This simple Creamy Chicken Noodle Casserole is sure to satisfy your creamy pasta cravings.
Chicken Noodle Casserole Recipe
1/2 lbs. chicken boneless breast
1/4 tsp. salt
1 tsp. Complete Seasoning
1/8 tsp. pepper
2 tbsp. mayonnaise
4 cup fusilli noodles
Cut chicken small into dice sized pieces. Season chicken with salt, Complete Seasoning, pepper and mayonnaise. Preheat a skillet with some oil and sauté the chicken. Cook noodles according to package directions, until el dente.
Sauce
1 cup cream
1 can cream of celery soup
1 can mushroom soup
1/4 tsp. salt
1/2 cup peas
1/2 cup carrots, cooked
In a small mixing bowl, combine cream, celery soup, mushroom soup, salt, peas and carrots. Peas and carrots are optional.
Topping
2 cup corn flakes, crushed
1/4 cup margarine, melted
In a small bowl or bag combine crushed cornflakes with margarine for a crumb topping.

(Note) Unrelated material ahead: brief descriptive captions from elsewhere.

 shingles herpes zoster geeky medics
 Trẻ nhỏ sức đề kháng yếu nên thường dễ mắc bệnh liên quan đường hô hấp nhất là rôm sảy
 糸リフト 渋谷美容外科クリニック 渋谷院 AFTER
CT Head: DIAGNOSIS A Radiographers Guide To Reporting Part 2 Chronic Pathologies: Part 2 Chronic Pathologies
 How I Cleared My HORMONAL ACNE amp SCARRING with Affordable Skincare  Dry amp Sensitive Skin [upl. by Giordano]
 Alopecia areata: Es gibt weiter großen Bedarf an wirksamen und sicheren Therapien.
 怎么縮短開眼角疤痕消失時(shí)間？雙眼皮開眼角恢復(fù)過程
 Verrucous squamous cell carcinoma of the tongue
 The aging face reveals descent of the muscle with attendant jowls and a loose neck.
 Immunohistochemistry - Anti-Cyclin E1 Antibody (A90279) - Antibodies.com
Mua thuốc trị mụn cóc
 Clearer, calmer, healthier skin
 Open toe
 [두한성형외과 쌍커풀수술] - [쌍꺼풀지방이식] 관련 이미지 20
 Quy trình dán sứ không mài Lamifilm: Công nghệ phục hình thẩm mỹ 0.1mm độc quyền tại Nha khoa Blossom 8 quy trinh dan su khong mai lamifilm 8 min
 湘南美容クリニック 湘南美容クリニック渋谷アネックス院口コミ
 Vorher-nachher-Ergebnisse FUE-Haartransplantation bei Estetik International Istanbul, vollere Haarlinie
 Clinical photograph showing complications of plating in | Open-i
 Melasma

Assemble In a greased 2-quart casserole dish. Put chicken on the bottom, next a layer of noodles, then pour over the sauce. Last top with the cornflake and margarine crumbs. Cover and bake at 375 F 30 minutes. Then remove cover and broil until crumbs turn crunchy and golden. Serve with a garden salad. Serves 6.